I didn't quite follow what the person said about how to feed them and she wasn't my usual employee I talk with, my usual person knows her stuff! I came home and began researching how to feed the tank when I uncovered many conversations regarding blood worms and parasites. Now I'm worried about using the blood worms.

Any one out there have experience (good or bad) with this? 

Thanks!


----------



## Construction Sam (Sep 22, 2018)

I couldn't find frozen ones in my town so I got the dried ones. My fish did not like them at all so it was a waste of money. 

Maybe if you're not sure you could talk to that one employee or just return them altogether.

Sorry I'm not more help 😊


----------



## couger (Jun 4, 2018)

*blood worms*

I saw info about problems with frozen blood worms so I went with freeze dried. My fish also did not understand they were food until I picked out a long one and used very long needle nose pliers to "wiggle" it in front of "Mikie" (a turquoise rainbow who will eat anything.) I gave him awhile to finish it (he swam around with the rest of it hanging out of his mouth and had the rest of his school chasing him. That got the "flavor/scent" spread around the tank. I picked out 4 more and tossed them just above his school. 2 spit them back out and then chased the danios that took them.


My other tanks went about the same...wiggle in front of glutton, wait thru first chase, drop some for gluttons school, wait for other fish to steal leftovers, next day feed tank.


I think you are supposed to thaw and rinse frozen before you feed..


----------



## Kilgore Trout (Jan 19, 2019)

I know this is an old thread but I've never had any issues feeding frozen blood worms to my fish, both as a treat & also regular diet.

The thing is, from what I have read, they're not as nutritional or beneficial over dry food as they're marketed as.

They are heavily sterilised (prior to packaging) to meet custom import regulations & this unfortunately kills all the beneficial nutrients.

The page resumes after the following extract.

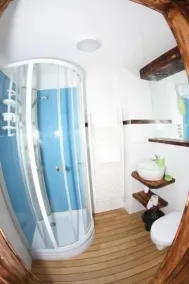 Hotel la Marmotte - Image 5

Basically it's like popcorn to fish. Looks good, smells good & tastes good...nothing more.


----------



## KatyD (May 3, 2018)

Thanks for the input Kilgore Trout! I did end up feeding a little of the blood worms and getting some sort of parasite in the tank. I had such a hard time getting rid of it (and losing a few fish along the way) that the blood worms are still in my freezer...something about them has made me paranoid! I was thinking of them as a special treat anyway but now I'm really not so sure. Could be a coincidence but...


----------